_PROBLEM REQUIREMENTS_
Please copy, word for word, the line holding "306 Canyon Dr, Lake Placid, FL 33852" and each line that follows it through the end of the entries, omitting any pictures.

_EXERCISE MATERIAL_

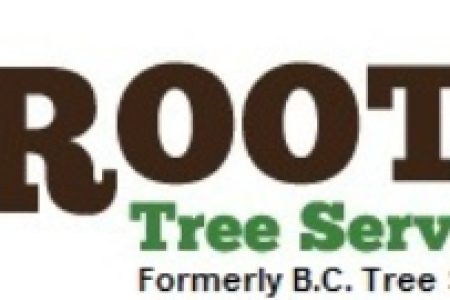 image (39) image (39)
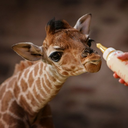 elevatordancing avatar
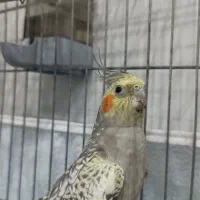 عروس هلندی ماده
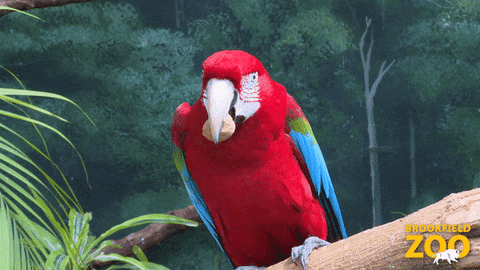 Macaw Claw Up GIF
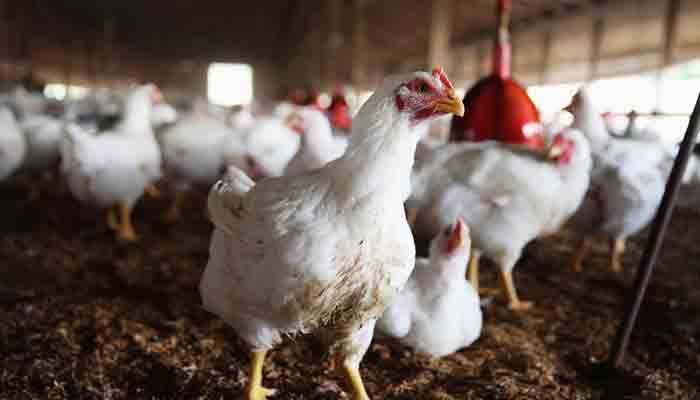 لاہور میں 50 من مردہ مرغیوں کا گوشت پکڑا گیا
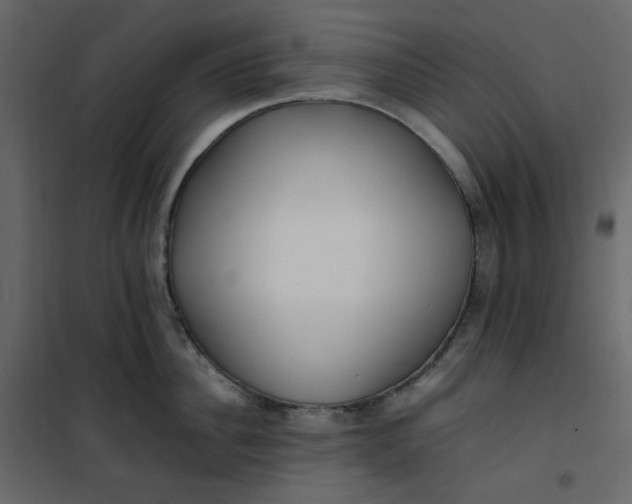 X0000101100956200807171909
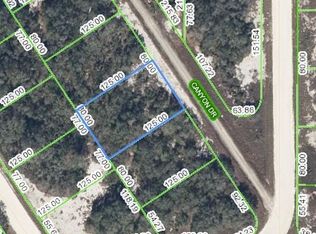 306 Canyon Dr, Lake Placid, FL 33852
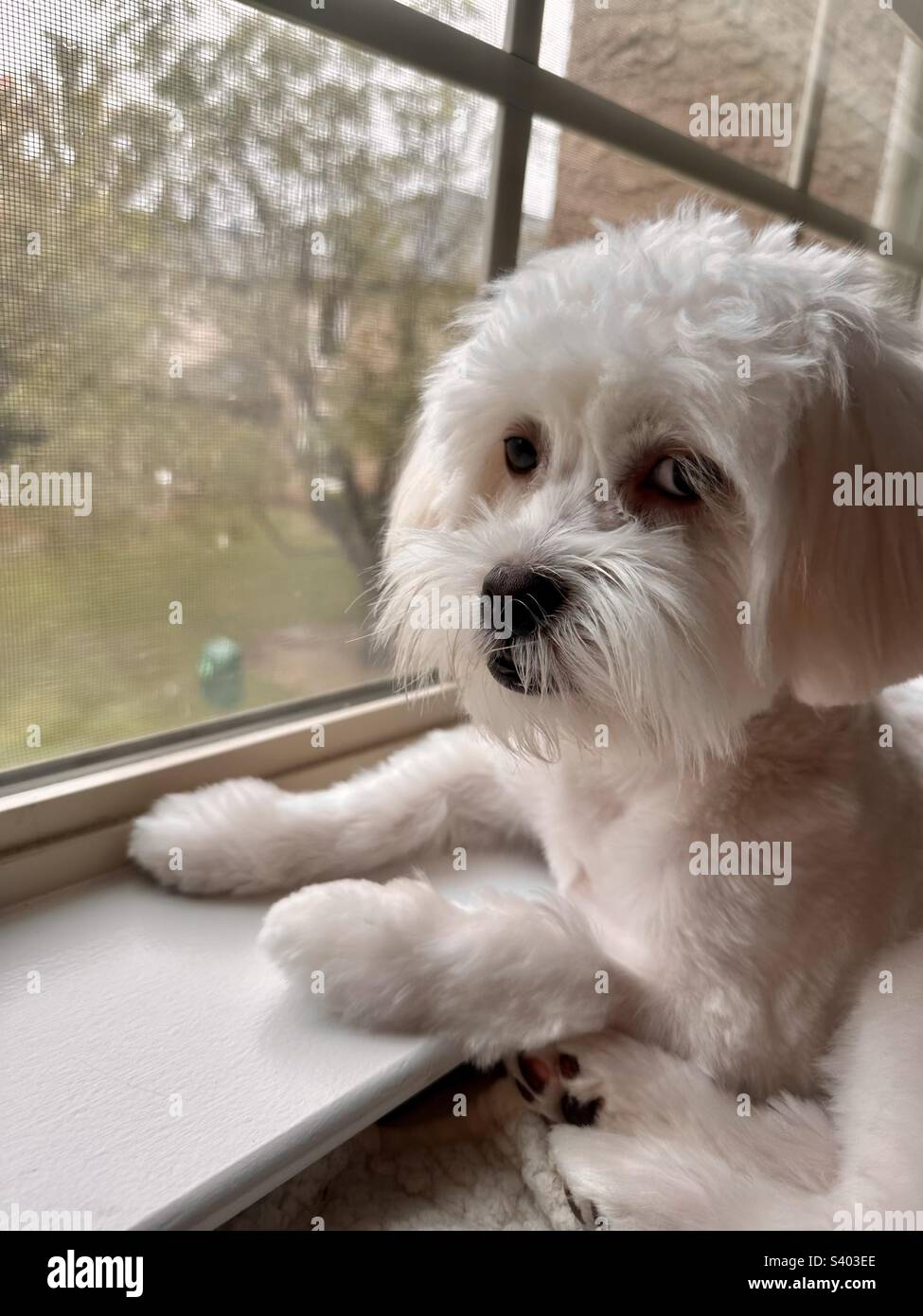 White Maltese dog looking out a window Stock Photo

_EXERCISE ANSWER_
 306 Canyon Dr, Lake Placid, FL 33852
 White Maltese dog looking out a window Stock Photo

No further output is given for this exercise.